Mayor P.J. Johnson opened Tuesday’s council meeting with a discussion about the ongoing conversations with Richard Kirk of Kirk Bros., CT Consultants and now the Environmental Protection Agency and bond holder Ohio Farmers Insurance Company are or will be up to speed regarding the contractor’s failure to complete the contract.

“At this time, there is no agreement to get it done,” Johnson stated. “We are notifying the bond holder the contractor is in default.”

Within 15 days of receiving the notice, the bond holder will schedule a meeting with the village and Kirk to discuss a resolution — a substitute methodology.

Johnson said he and Village Administrator Shawn Chapman held a conference call with the EPA to bring them up to speed.

“A lot of them had no idea,” Johnson reported. “They want us to work on finding a remedy.”

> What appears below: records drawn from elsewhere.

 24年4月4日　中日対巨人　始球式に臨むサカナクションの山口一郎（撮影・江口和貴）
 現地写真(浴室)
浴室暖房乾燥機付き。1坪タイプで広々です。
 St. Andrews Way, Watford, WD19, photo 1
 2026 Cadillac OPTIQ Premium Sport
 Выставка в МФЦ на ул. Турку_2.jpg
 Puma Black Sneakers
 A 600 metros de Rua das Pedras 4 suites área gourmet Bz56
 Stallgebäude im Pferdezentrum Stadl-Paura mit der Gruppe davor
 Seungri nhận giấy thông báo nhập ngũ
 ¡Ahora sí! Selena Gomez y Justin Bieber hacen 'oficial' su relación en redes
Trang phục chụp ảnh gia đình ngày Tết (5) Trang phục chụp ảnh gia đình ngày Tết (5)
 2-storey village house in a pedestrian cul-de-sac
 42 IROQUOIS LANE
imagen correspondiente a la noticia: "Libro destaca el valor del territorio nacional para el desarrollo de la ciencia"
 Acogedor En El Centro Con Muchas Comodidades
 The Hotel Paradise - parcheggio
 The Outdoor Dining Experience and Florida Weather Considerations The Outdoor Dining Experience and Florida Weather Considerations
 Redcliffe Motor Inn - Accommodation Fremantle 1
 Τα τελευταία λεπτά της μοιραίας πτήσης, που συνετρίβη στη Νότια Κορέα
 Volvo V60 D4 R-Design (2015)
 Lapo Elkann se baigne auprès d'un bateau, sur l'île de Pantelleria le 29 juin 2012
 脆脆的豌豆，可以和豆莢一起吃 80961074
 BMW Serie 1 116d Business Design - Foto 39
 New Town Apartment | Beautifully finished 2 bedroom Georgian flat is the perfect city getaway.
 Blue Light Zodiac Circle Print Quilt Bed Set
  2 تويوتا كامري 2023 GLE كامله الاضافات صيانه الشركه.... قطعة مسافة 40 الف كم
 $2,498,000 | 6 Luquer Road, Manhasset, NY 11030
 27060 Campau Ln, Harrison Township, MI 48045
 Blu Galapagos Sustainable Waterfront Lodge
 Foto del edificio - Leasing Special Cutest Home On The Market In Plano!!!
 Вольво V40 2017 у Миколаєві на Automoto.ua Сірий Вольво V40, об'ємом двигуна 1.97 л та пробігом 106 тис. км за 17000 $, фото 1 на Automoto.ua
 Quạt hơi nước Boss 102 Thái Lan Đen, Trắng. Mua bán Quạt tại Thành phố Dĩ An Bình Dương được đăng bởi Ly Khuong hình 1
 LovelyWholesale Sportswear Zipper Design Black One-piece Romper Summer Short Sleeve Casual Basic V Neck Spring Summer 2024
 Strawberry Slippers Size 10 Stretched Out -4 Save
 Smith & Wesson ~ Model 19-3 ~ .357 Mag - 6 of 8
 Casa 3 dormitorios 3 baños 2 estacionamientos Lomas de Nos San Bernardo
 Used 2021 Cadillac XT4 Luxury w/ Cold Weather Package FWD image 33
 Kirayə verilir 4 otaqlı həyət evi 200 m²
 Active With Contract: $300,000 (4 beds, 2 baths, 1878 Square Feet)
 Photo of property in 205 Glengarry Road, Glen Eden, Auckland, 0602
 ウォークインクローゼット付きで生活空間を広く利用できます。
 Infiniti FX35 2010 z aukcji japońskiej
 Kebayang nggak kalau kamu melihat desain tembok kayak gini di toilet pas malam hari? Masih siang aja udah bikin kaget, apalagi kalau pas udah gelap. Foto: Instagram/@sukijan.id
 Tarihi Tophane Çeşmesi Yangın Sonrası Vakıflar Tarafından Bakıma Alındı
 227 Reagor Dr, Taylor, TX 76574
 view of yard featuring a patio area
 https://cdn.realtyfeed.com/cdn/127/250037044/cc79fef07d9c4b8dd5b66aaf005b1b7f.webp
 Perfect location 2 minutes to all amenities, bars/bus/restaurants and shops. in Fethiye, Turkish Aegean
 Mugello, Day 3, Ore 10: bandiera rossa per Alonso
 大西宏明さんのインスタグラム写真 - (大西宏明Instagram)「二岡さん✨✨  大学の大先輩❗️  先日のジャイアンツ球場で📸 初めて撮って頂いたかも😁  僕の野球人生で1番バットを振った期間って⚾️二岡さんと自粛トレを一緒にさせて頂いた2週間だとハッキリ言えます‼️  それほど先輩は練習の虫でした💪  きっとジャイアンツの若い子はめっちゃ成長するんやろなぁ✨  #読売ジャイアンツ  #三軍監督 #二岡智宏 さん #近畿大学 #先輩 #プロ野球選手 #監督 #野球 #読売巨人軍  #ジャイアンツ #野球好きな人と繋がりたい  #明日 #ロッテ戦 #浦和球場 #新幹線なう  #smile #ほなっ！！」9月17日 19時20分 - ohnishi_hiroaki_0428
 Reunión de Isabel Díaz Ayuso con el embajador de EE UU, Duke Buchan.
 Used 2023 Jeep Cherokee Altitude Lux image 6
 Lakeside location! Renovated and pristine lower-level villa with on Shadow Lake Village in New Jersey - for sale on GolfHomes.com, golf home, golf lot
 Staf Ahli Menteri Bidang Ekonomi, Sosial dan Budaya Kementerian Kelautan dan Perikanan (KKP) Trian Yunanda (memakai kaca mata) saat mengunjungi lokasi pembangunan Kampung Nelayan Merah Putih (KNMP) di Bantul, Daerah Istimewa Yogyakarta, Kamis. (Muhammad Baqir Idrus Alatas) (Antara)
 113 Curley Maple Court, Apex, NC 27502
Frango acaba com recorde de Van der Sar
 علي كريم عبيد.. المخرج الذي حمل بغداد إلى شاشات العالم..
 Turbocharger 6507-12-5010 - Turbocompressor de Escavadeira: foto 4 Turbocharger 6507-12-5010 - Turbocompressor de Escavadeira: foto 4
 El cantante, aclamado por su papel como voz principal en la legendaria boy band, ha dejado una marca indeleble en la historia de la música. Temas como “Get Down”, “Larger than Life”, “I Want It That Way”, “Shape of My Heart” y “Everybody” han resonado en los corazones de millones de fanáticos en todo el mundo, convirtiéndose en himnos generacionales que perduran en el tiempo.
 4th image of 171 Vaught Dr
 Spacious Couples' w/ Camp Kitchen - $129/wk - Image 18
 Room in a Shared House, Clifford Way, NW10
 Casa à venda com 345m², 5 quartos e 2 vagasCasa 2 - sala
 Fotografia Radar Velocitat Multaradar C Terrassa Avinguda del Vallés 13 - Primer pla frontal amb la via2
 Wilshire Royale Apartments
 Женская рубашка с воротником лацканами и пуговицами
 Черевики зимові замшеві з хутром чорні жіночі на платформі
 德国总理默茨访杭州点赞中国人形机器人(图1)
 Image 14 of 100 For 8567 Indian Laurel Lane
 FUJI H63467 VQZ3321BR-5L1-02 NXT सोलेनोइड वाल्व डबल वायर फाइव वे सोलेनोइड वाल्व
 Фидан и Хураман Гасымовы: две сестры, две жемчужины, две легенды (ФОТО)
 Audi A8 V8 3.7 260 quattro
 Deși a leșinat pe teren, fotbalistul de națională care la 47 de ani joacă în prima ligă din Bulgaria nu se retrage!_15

Johnson said they will grant a letter of extension with the end of next year into 2015 permissible. The village will request a letter of extension which they can accept by email.

“There is no problem with the EPA,” Johnson said. “They want to review the change order and proposal, which is Kirk Bros.’ responsibility.”

Council member John Miller questioned the new contract.

“The change order is for the scope of work only; no more money?” Miller asked.

Village Solicitor J. Alan Smith said there would be additional fees with the change order. Those fees, which were included with the overview documentation provided by the village, comes to a total of over $38,000.

Johnson explained Kirk Bros. is in the process of “inserting their contractors and subcontractors into the proposal.”

In new business, Johnson said he received a letter of resignation from Smith, who will work until the village finds a replacement.

“I’ve enjoyed the experience,” Smith added.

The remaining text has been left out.